Candle Cove The Horror
Candle Cove is the latest in a new type of horror called Creepy Pasta. The name “Creepy Pasta” comes from the word ‘copy pasta’, an internet slang term for a block of text that gets copied and pasted from website to forum ad infinitum. This new medium of widely available horror stories struggles to find credibility in the lit world, as most Creepy Pastas suffer from a lack of writing structure and vocabulary. Seeing as how all you need to create a Creepy Pasta is a computer with internet connection. However “Candle Cove” is able to convey a well thought out and believable horror story in as little as three pages.
The Candle cove story opens on a fictional forum known as “Net Nostalgia”. The various users then struggle to piece together memories of the Candle Cove broadcast. As they begin sharing their memories to one another, they began to recall marionette characters like Pirate Percy, a cowardly pirate who manned the Laughingstock, a “living” pirate ship with a horrific mouth across its bow. They were joined on their adventures by a young girl named Janice, who was the esteemed protagonist of the “show”.
While they continue to remember the details of the program, they begin to recall some more sinister figures like the one eyed Horace the Horrible, whose grotesque handlebar mustache sat over a set of uncannily tall teeth, and most unsettling, a skeleton with the most horrific set design and top hat calling himself “The Skin Taker”. The living boat would demand that the frightened Percy would enter said cave by saying, “YOU HAVE TO GO INSIDE,”
The story then reaches a climax as one users “Mike-painter65” visits his ageing mother in the retirement home. Mike proceeds to ask her what she remembers about this terrifying show. Mikes mother then states sweetly “then you would tune the tv to static and juts watch dead air for 30 minutes. you had a big imagination with your little pirate show.”
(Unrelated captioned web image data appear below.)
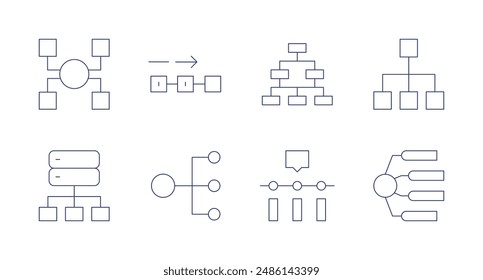 Diagram icons. Editable stroke. Containing datamodeling, diagram, infographic, playoff, scheme, workinprogress.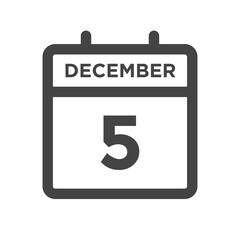 December 5 Calendar Day or Calender Date for Deadlines or Appointment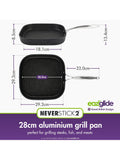 Eaziglide square non-stick grill pan 28cm - British product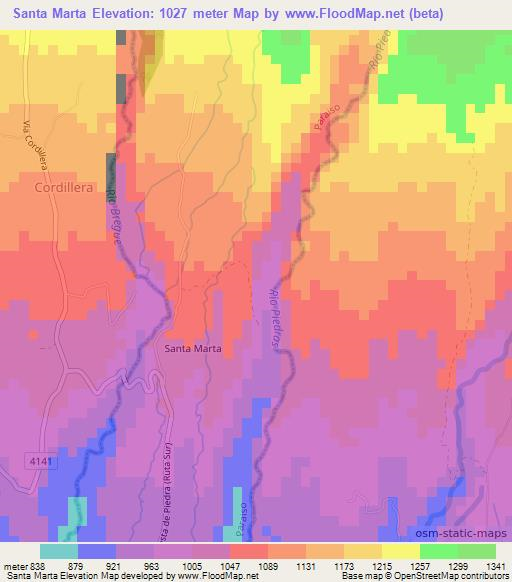 Santa Marta,Panama Elevation Map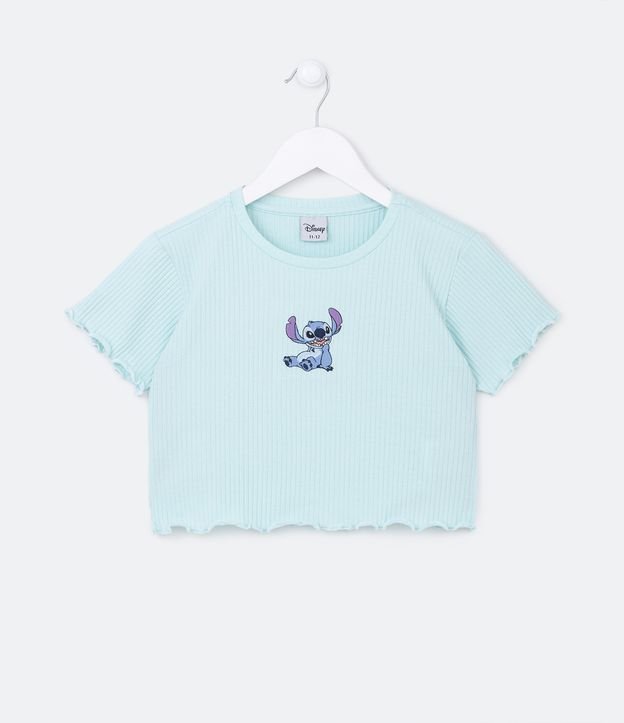 Blusa Cropped Infantil com Textura Canelada e Bordado Stitch - Tam 7 a 14 Anos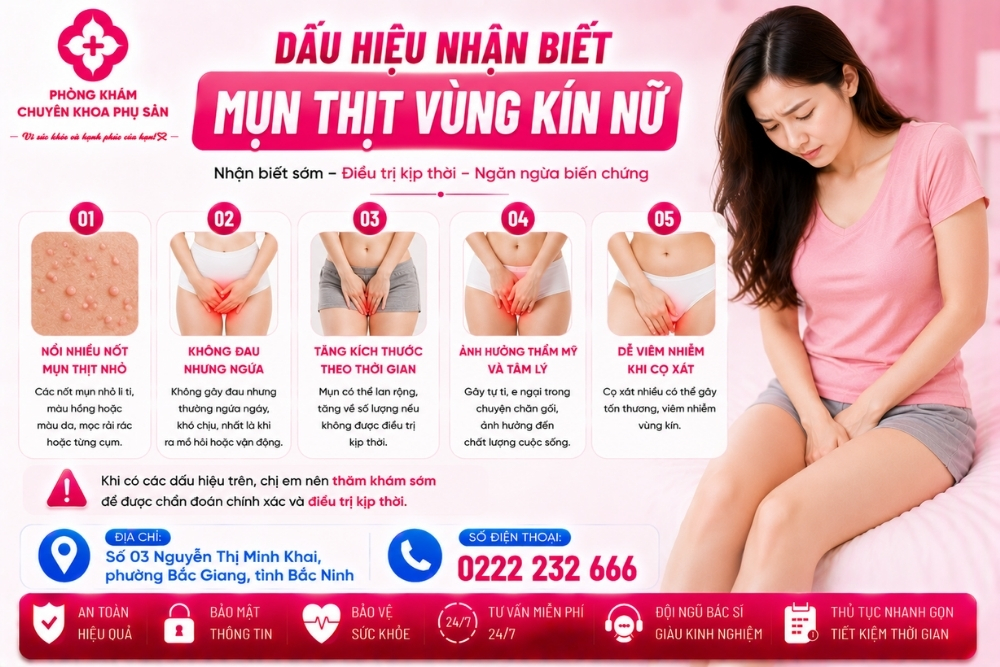Mụn thịt vùng kín ở nữ: Dấu hiệu bệnh lý cần lưu ý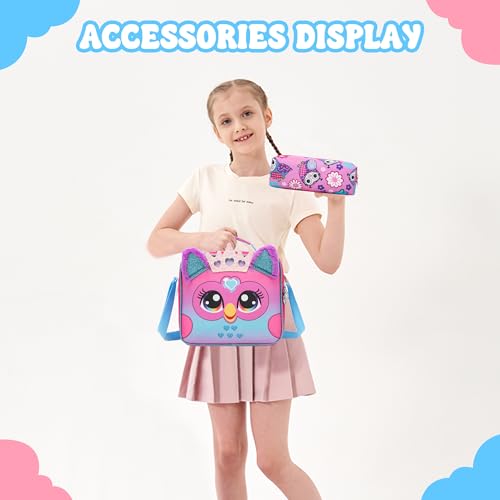 Backpack with Wheels for Girls,Rolling Backpack for Kids 6-8,Lightweight Wheeled School Backpack with Pencil Case,Cute Owl Bookbag for Students - color: Purple Owl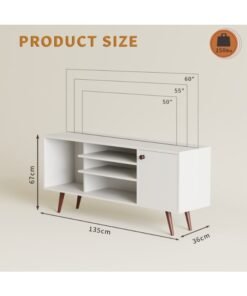 Alternative view of WERSMT Mid-Century Modern TV Stand for TVs up to 60 Inch, 135x36x67cm Entertainment Center with Storage Cabinets & Open Shelves, Small TV Unit Console Table for Living Room, White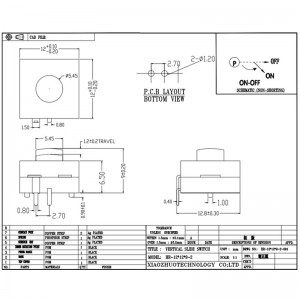 Push -Schalter HR12*12*9-2, Taschenlampenschalter, LED zwei-Pin -Strom ein- und ausgeschaltet, Taste Reset Micro Switch zurücksetzen
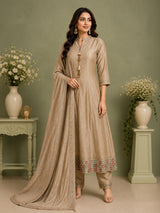 Regal beige embroidered anarkali salwar suit for women
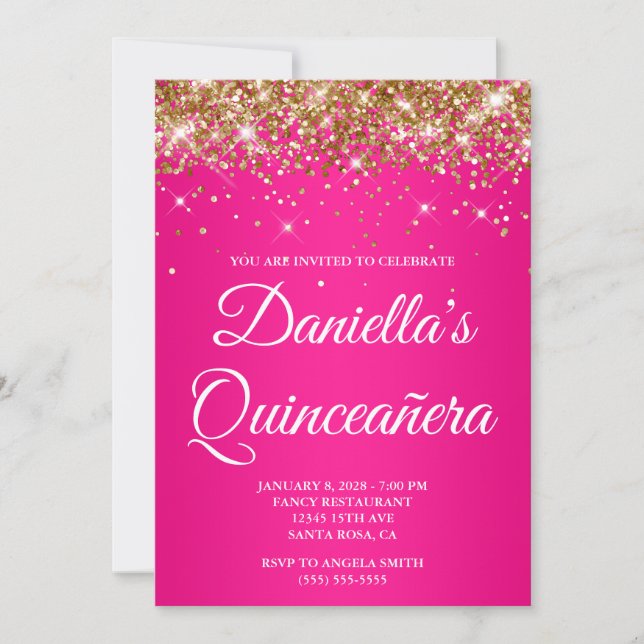 Convite Quinceañera, Colher Rosa Quente Dourado (Frente)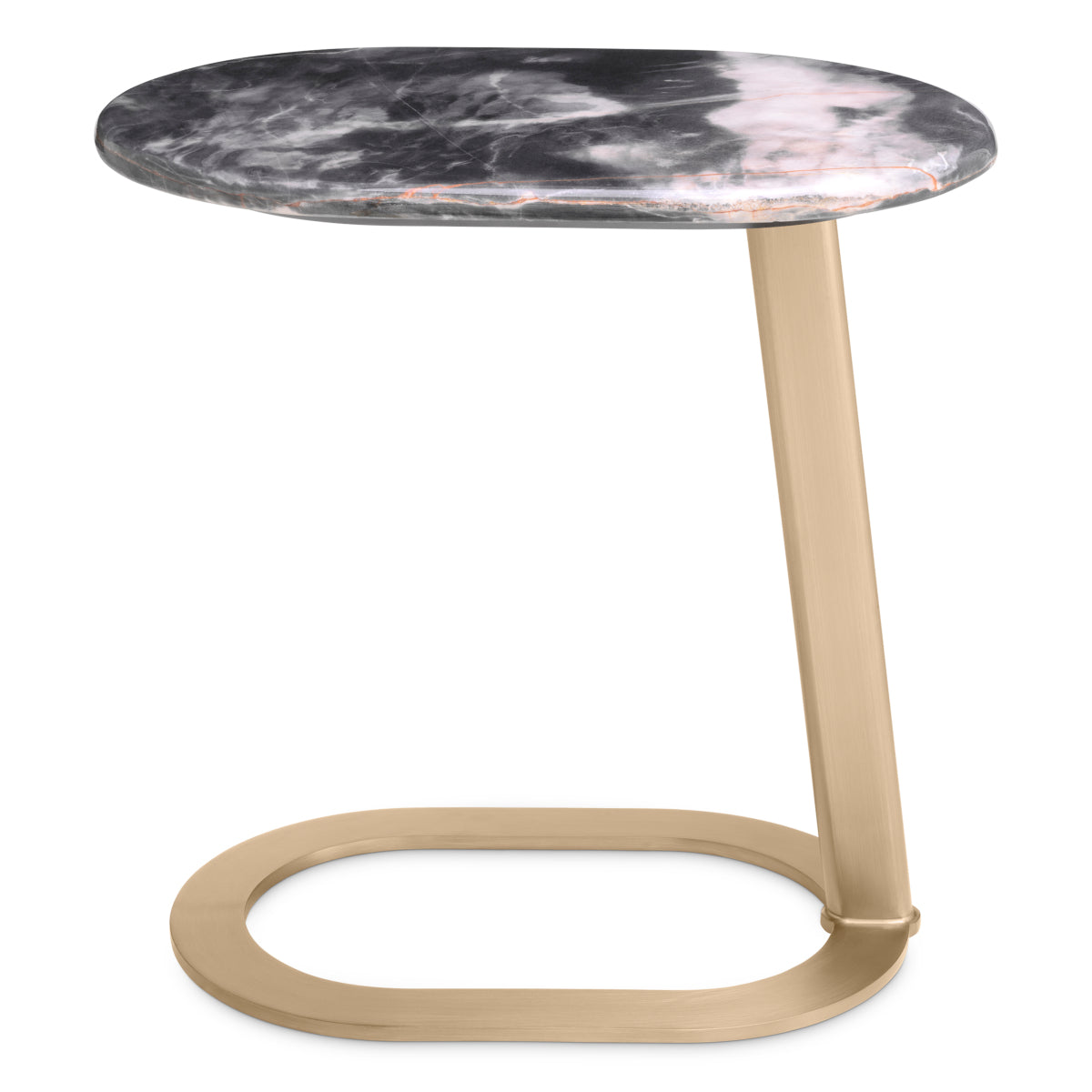 Eichholtz Living Black Marble Top Side Table Oyo Brushed brass finish House of Isabella UK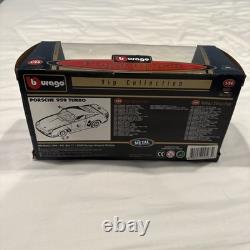 NEW Burago VIP Collection 1986 Porsche 959 Turbo Model Car 124 Yellow 0563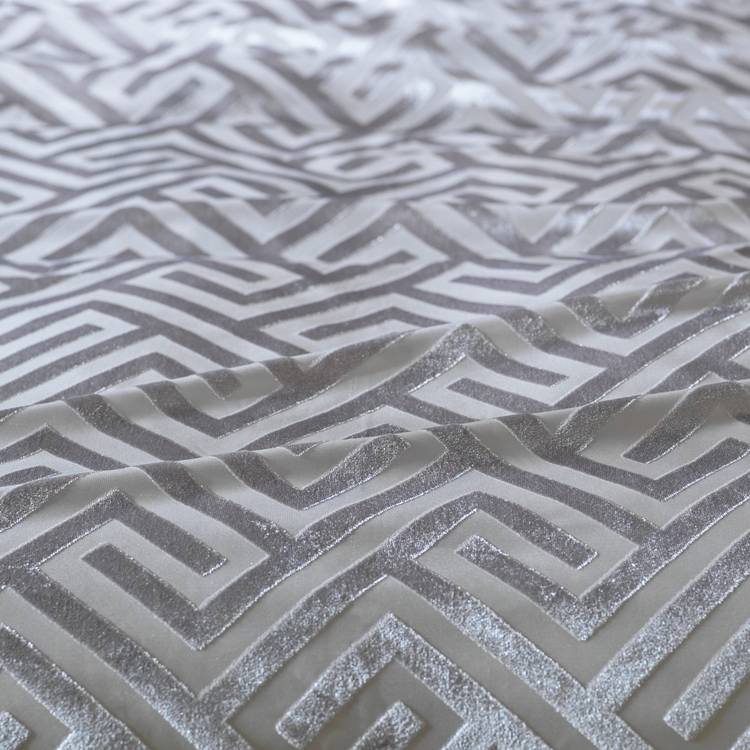 Habitat Geo Velvet Silver bedding set single (British brand)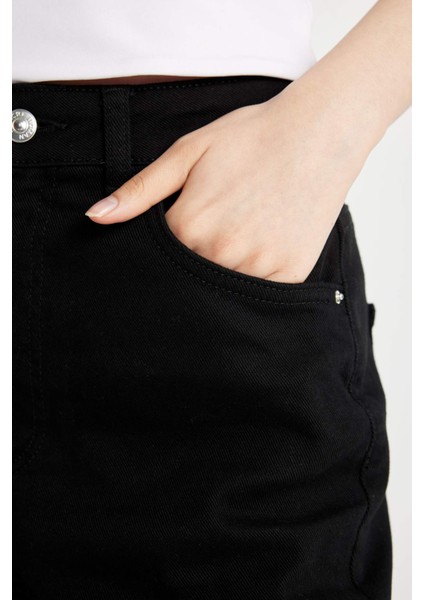 Yüksek Bel Cepli Basic Düz Gabardin Kapri D0326AX24SM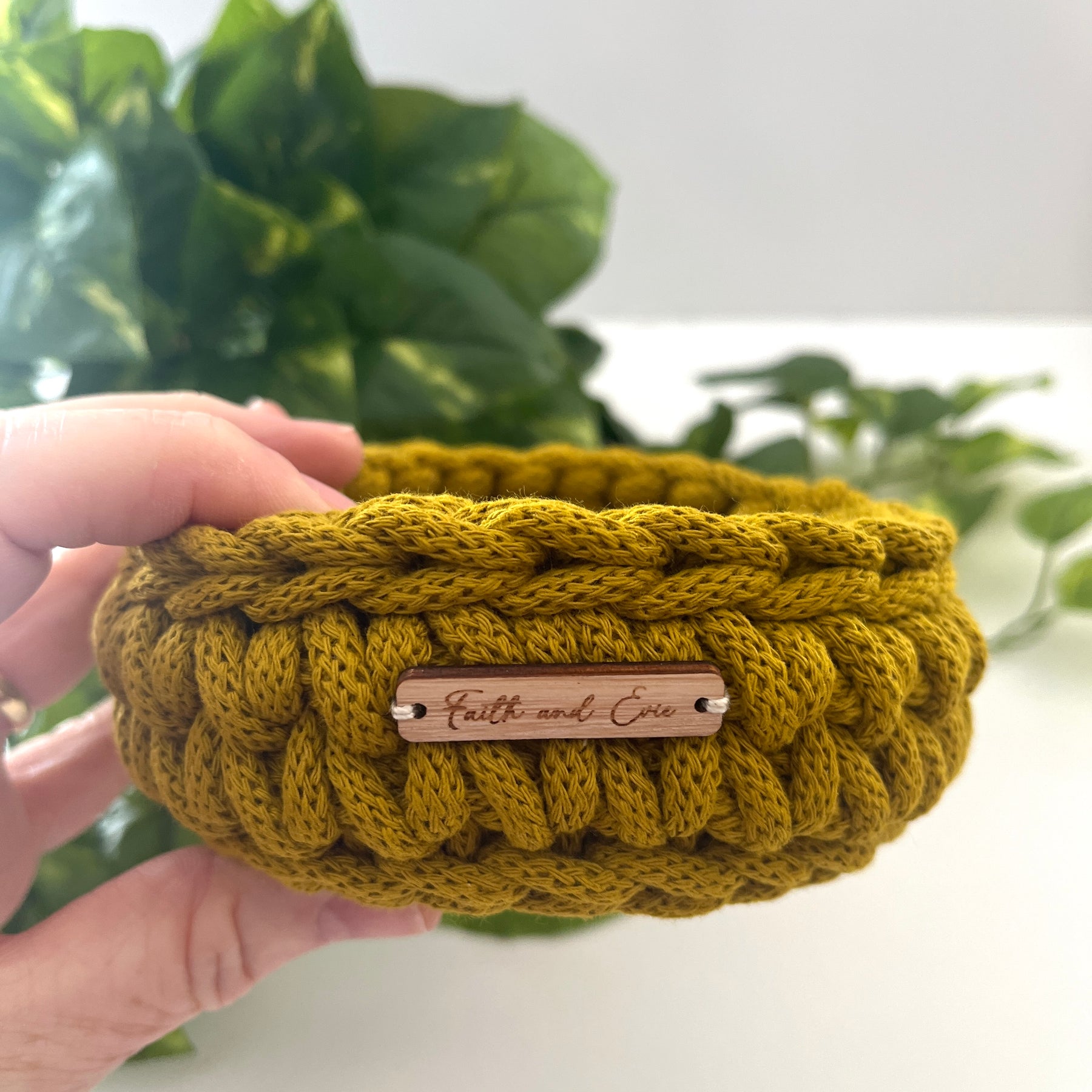 Mini crochet basket - colour Spicy Yellow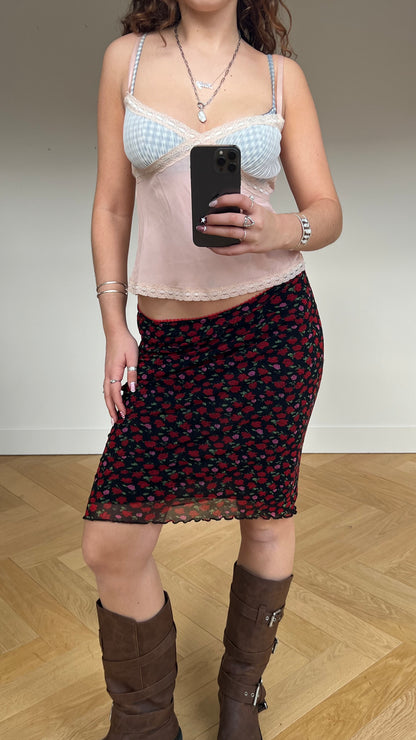 00s black red floral midi skirt- size M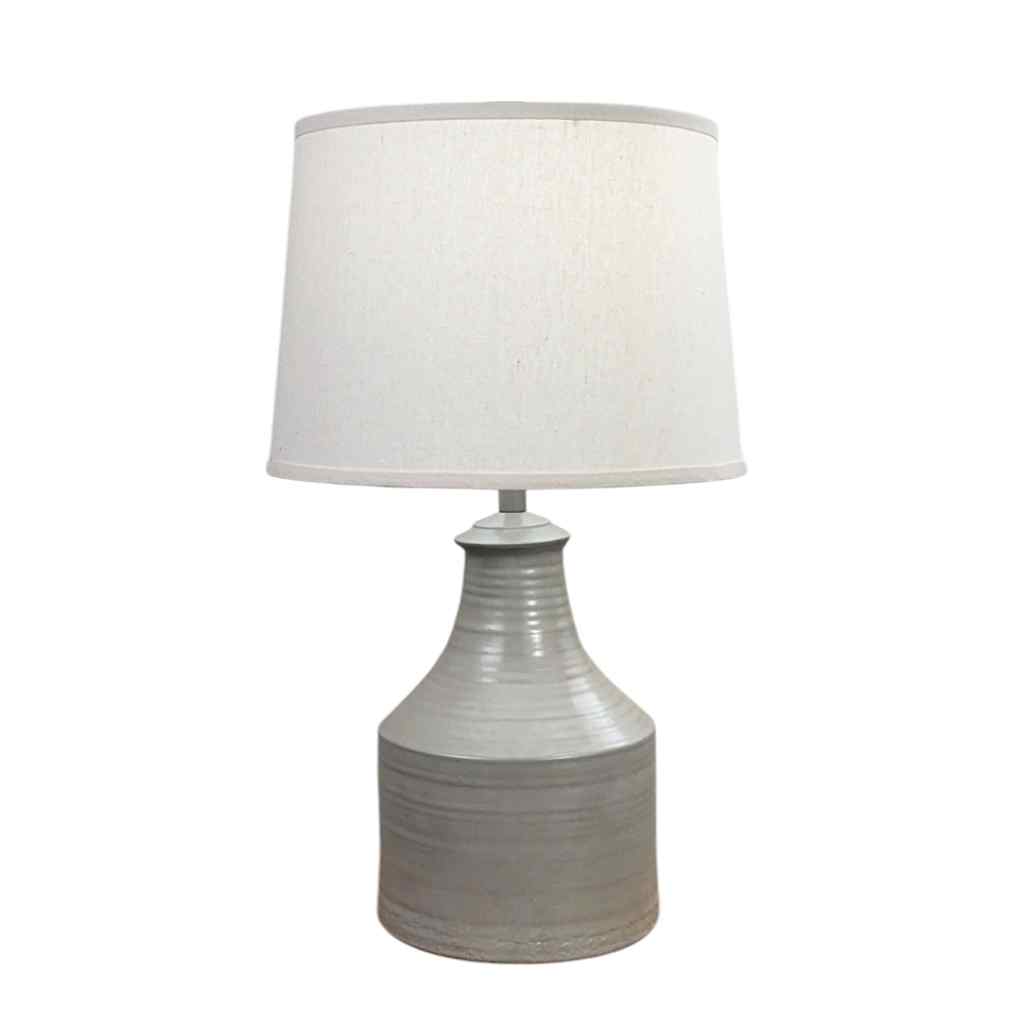 Pale Grey Stained Wide Clay Jug Table Lamp Pale Grey Stained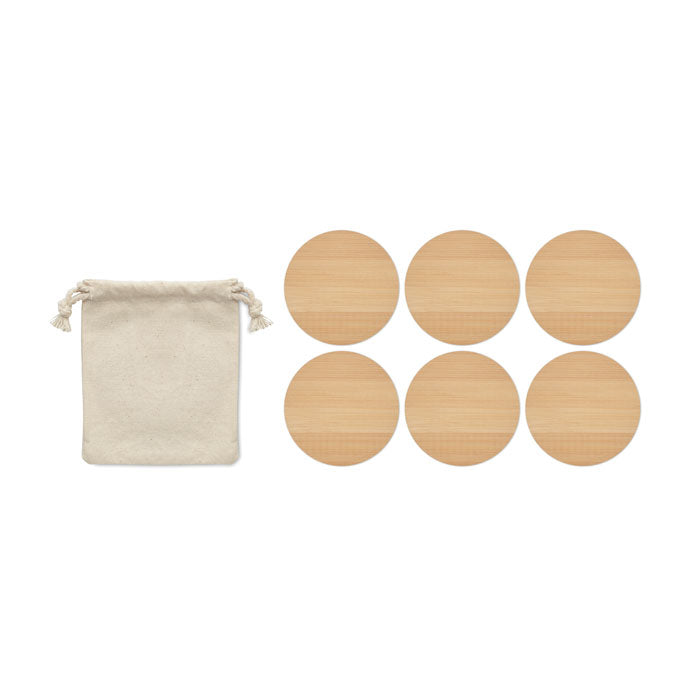 Branded Set of 6 Bamboo Coasters in Cotton Bag without branding
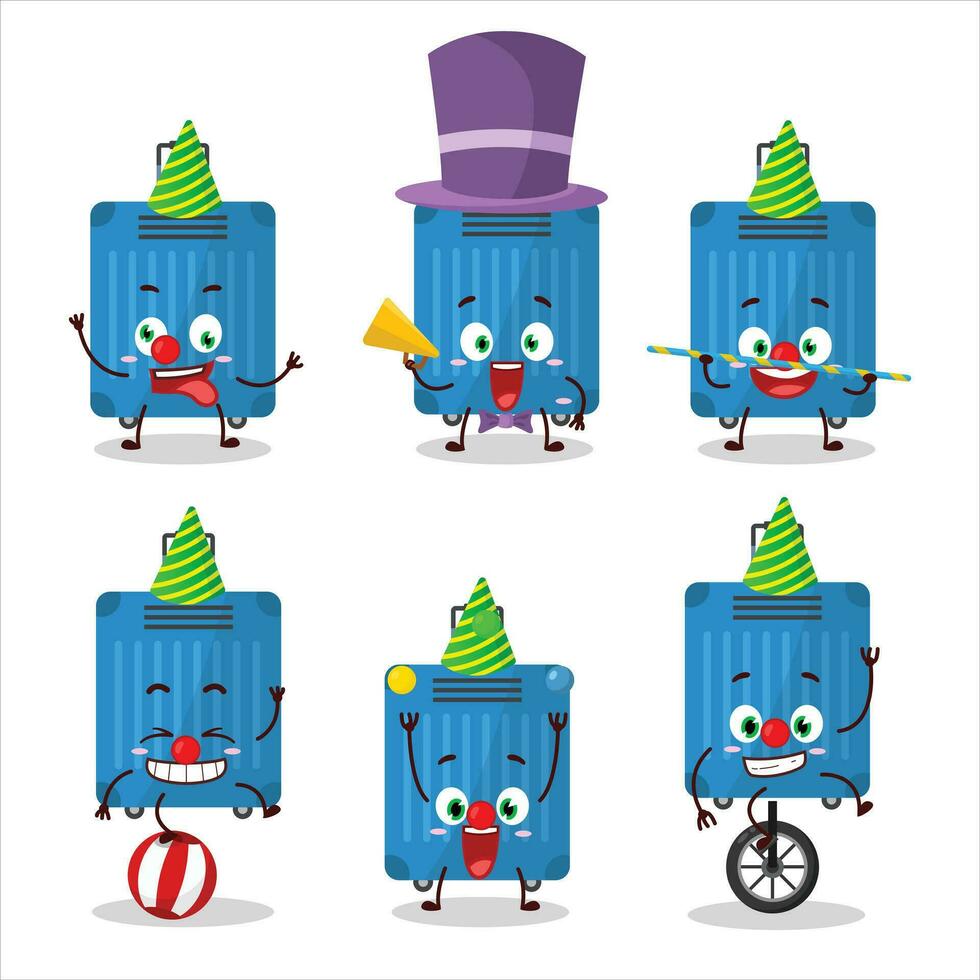 dibujos animados personaje de azul equipaje con varios circo muestra vector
The main component in any fictional story is relatability and believability. Many children’s show of the past, mistakenly used low budget props as a means of conveying their story. Without ever realizing that their kid show now falls into the uncanny valley. Most Americans can recall something from their childhood that was never meant to be scary, yet still to this day still unnerves them. Candle Cove went above and beyond in setting the scene, by using a forum where presumably there are no perquisites to post. The author then plugs in a cast of characters piecing together a long forgotten kid’s show. The story as a whole is able to unnerve as well as entertain the reader using a wide array of horror tropes, and believable dialogues.